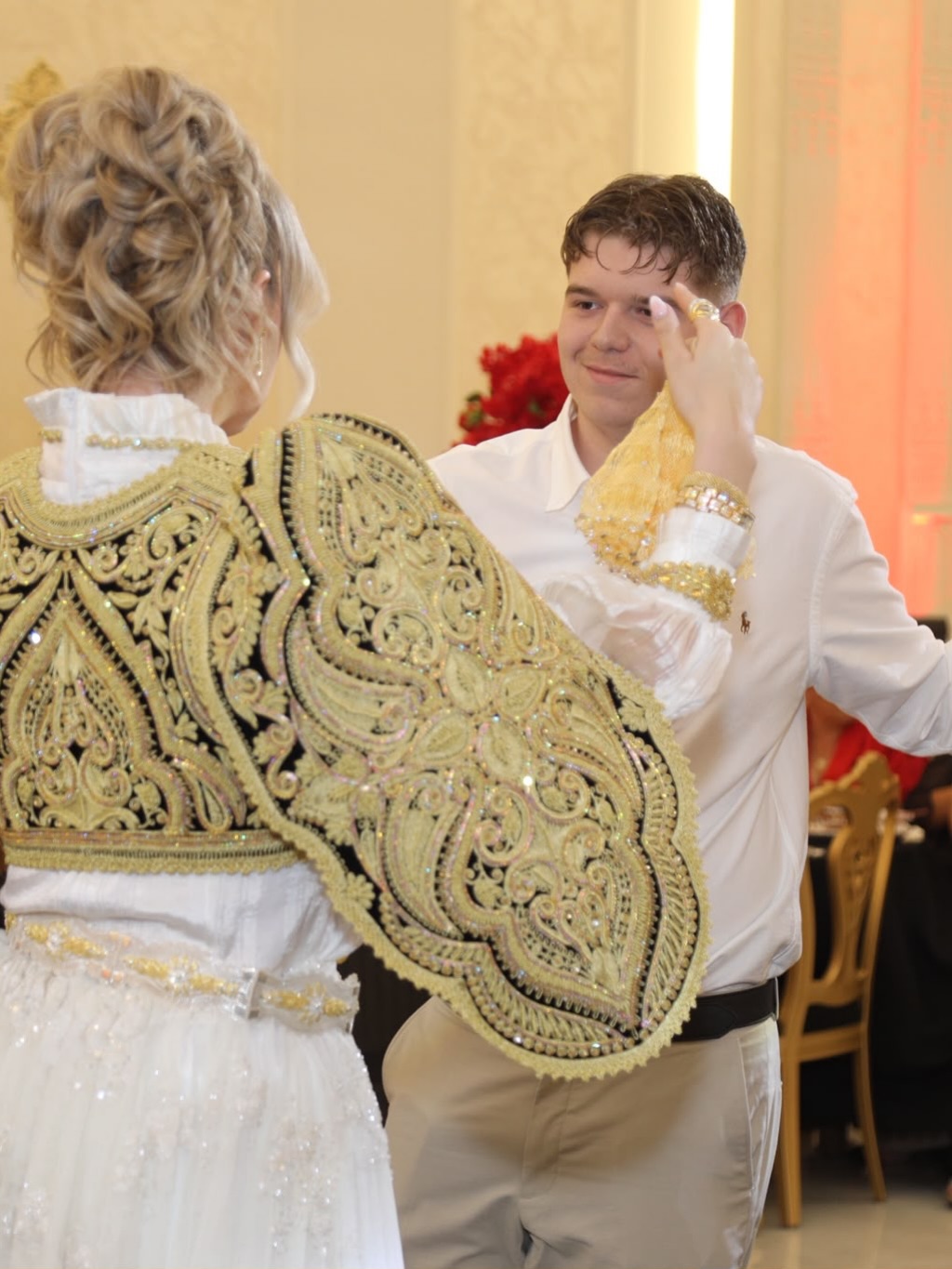 Veshje tradicionale nusërie e bardhë me xhaketë të qëndisur – Traditional Couture Tina (3)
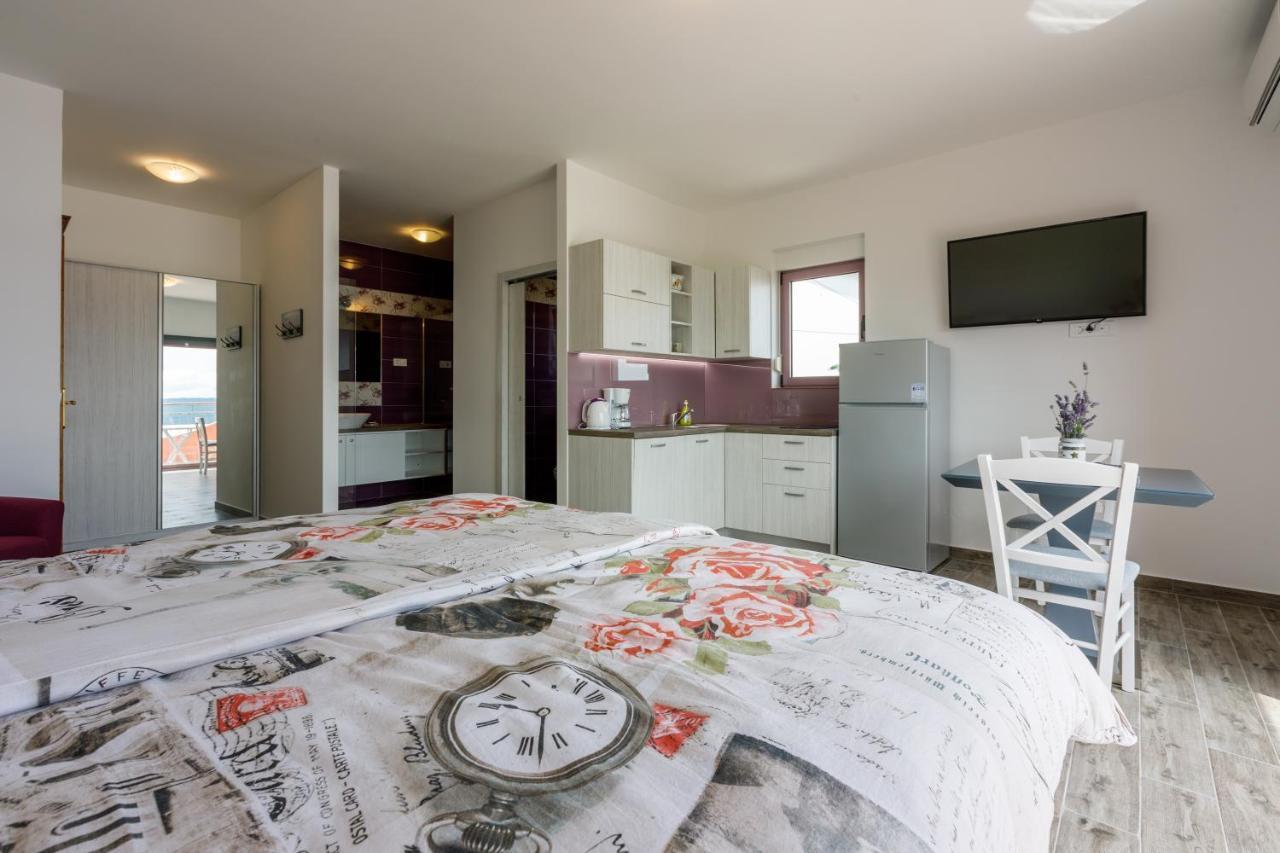 Apartmani Rino Dramalj Ngoại thất bức ảnh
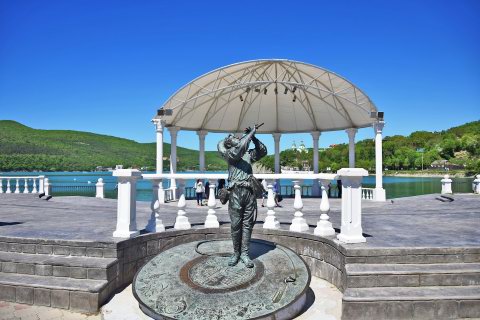 ����: ������������ ������ � �����-�����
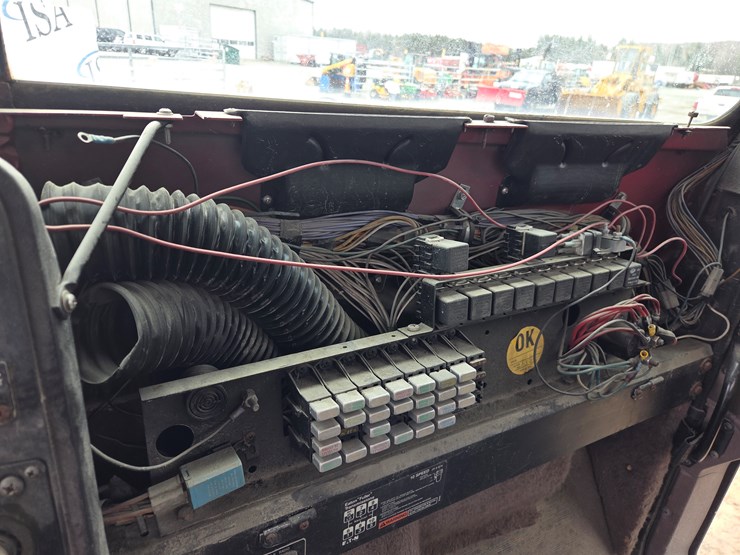 1993-international-9200-image-62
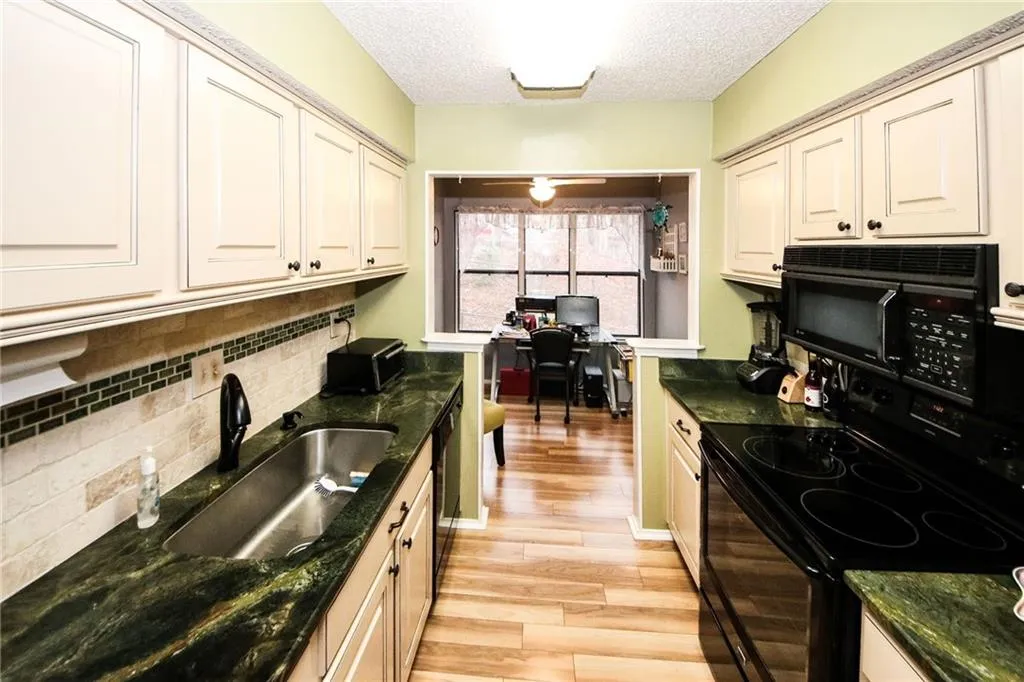 2206 Huntingdon Chase, Sandy Springs, Georgia 30350, 2 Bedrooms Bedrooms, ,2 BathroomsBathrooms,Residential,Sold,2206 Huntingdon Chase,6840467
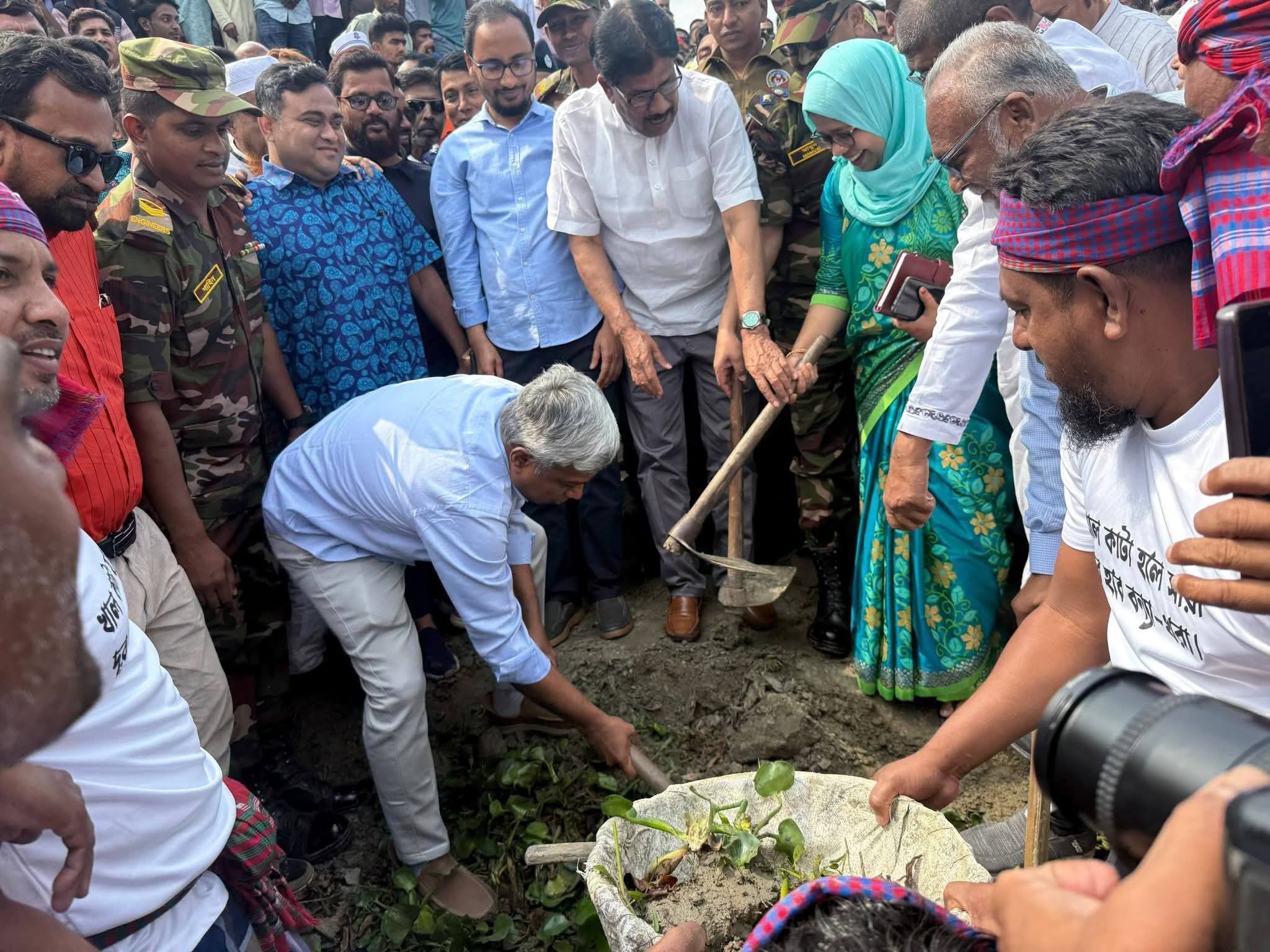 কেশবপুরে বুরুলি খাল খনন কাজের উদ্বোধন করলেন প্রতিমন্ত্রী অমিত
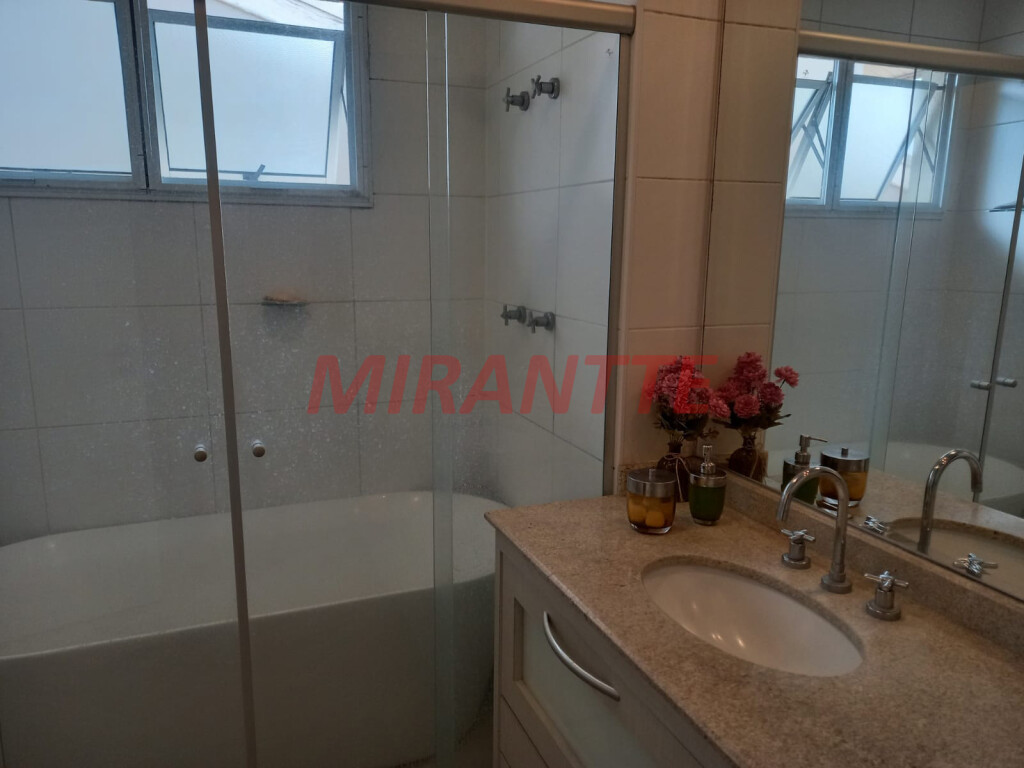 Cond. fechado de 450m² com 4 quartos em Jardim Virginia Bianca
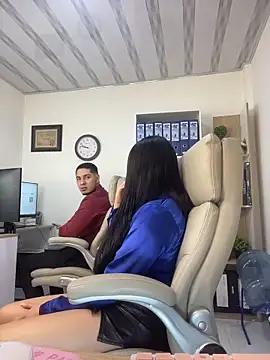 Snapshot of Sara_fun chatting on 09.30.25 Sara fun online show from 09.30.25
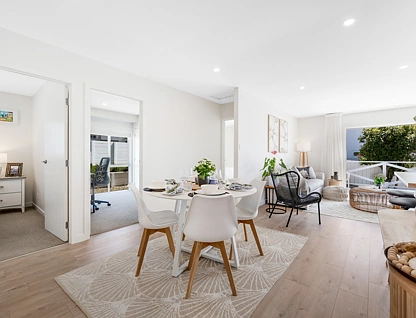 1/7 Tuscan Place, Half Moon Bay, Manukau City, 3 침실, 1 욕실, House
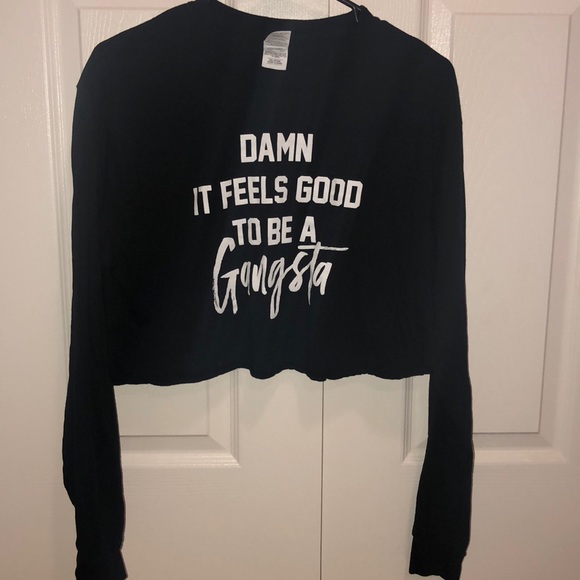 Black crop top - Picture 1 of 3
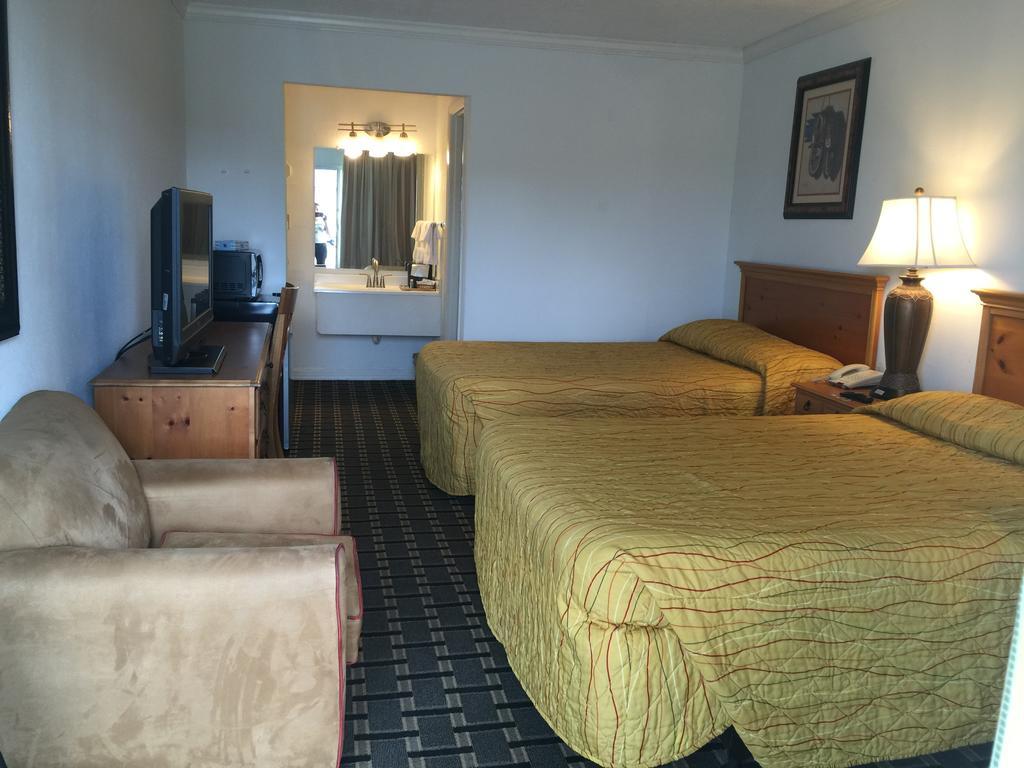 Houston Inn And Suites Екстериор снимка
*****
» WHAT YOU WILL DO: Exclude every picture, then return precisely the lines that run from the line containing "2206 Huntingdon Chase, Sandy" through the end of the entries above.

» PROBLEM SOLUTION:
 2206 Huntingdon Chase, Sandy Springs, Georgia 30350, 2 Bedrooms Bedrooms, ,2 BathroomsBathrooms,Residential,Sold,2206 Huntingdon Chase,6840467
 কেশবপুরে বুরুলি খাল খনন কাজের উদ্বোধন করলেন প্রতিমন্ত্রী অমিত
 Cond. fechado de 450m² com 4 quartos em Jardim Virginia Bianca
 Snapshot of Sara_fun chatting on 09.30.25 Sara fun online show from 09.30.25
 1/7 Tuscan Place, Half Moon Bay, Manukau City, 3 침실, 1 욕실, House
 Black crop top - Picture 1 of 3
 Houston Inn And Suites Екстериор снимка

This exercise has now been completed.